Mix all the dry ingredients together in a mixer with a paddle (or by hand). With mixer on slow speed (or gently by hand), drizzle the vegetable oil into the bowl slowly while the mixer is running. When all the oil has been added, stop the mixer and squeeze a clump of mix in your hand. If it stays together, it is just right. If it is still crumbly, add another tablespoon of oil at a time until the consistency is correct (I've never had to add additional oil). Store in an airtight container for up to two weeks at room temperature or indefinitely in the refrigerator or freezer.

To make the pancakes: whisk together 1 cup of mix, 1 cup buttermilk (a combination of half plain yogurt and half milk will also work), and 1 egg. The mixture may seem thin at first but the oats will soak up the milk as it stands while the griddle preheats. Heat a griddle and drop the batter onto it. When the edges look dry and bubbles come to the surface and don't break, turn the pancake over to finish cooking on the second side. As a sidenote, buttermilk can be frozen indefinitely for future batches of pancakes, so it's worth keeping it around!

*1 cup of mix will make about 6-7 4-inch pancakes.

Monday, January 4, 2010

Easy Salmon Packets

Prep: 15 min
Bake: 20 min
Yield: 2 servings

2 salmon fillets (4 oz.)
2-1/2 cups sliced fresh mushrooms
1 medium tomato, chopped
1 garlic clove, minced
1/2 tsp. dried basil
1/4 tsp. salt
1/4 tsp. pepper
1/4 cup shredded Parmesan cheese

1. Place each fillet on a double thickness of heavy-duty foil (about 12 in. square). top with mushrooms, tomato, garlic basil, salt and pepper. Fold foil around salmon and seal tightly. Place on a baking sheet.

2. Bake at 400 degrees for 15-20 minutes or until fish flakes easily with a fork. Open foil carefully; sprinkle cheese. Bake, uncovered, 5 minutes longer or until cheese is melted. ( from TOH)

Marshmallow Brownies

2 cubes margarine
4 eggs
2 cups sugar
1/3 cup cocoa
2 cups flour
1 tsp. vanilla
Mini marshmallows
Chocolate frosting recipe

Mix margarine, eggs, sugar and cocoa together. Add flour and vanilla. Cook in 9x13 pan at 350 degrees for 25 minutes. Pull out and sprinkle the top with marshmallows. Return to oven for 5 minutes. When cool, ice with chocolate icing.

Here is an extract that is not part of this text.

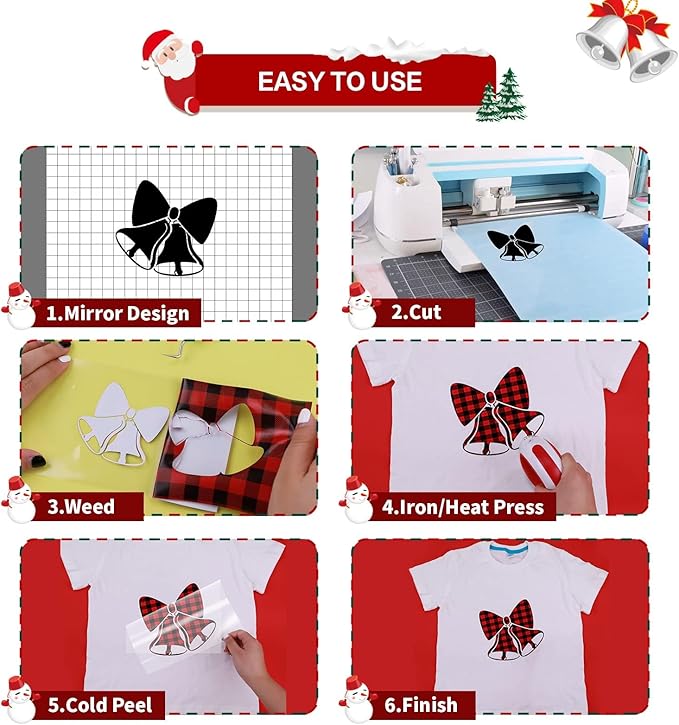 HTVRONT Christmas HTV Vinyl Rolls Heat Transfer Vinyl - 12" x 8ft Buffalo Plaid HTV, Iron on Vinyl for T Shirt and Christmas Decorations (Red and Black Plaid)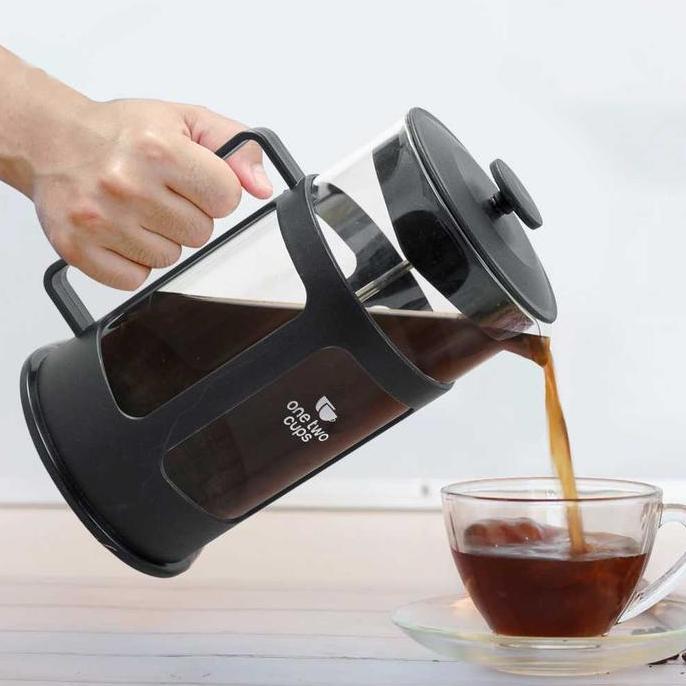Terbaik Teko Kopi One Two Cups Teko Kopi Alat French Press Coffee Maker Pot 300-1000ML- Black Paling keren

Chocolate frosting recipe:
2 cups powdered sugar
1/4 cup melted butter
Drizzle a little milk until right consistency
1/4 cup cocoa
Mix all together.

Katy Sampson's recipe

Cranberry Raspberry Punch

1 package (16 oz.) frozen sweetened sliced strawberries, thawed
1 can (12 oz.) frozen lemonade concentrate, thawed
1 can (12 oz.) frozen cranberry raspberry concentrate, thawed
2 liters ginger ale, chilled
2 liters club soda, chilled
1 quart raspberry sherbet

Blend strawberries, lemonade concentrate and cranberry raspberry concentrate.
Put in punch bowl. Stir in ginger ale and club soda. Top with scoops of sherbet.

Katy Sampson's recipe

White Chicken Chili

1 whole rotisserie chicken
2 Tbsp. minced garlic
2 cans of chicken broth
4 oz. can of green chilies
1/2 cup chopped fresh cilantro
1 tsp. Oregano
1 onion, chopped
1 Tbsp. olive oil
2 cans of white northern beans
juice of 1 lime
1 tsp. cumin
1 tsp. cayenne pepper

Sautee onion and garlic in olive oil. Add everything else except chicken and boil 20-30 minutes. Add chicken and cook 10 more minutes. Serve with shredded cheese, tomatoes, avacado, and sour cream. You can also throw all this in a crock pot and let it cook all day.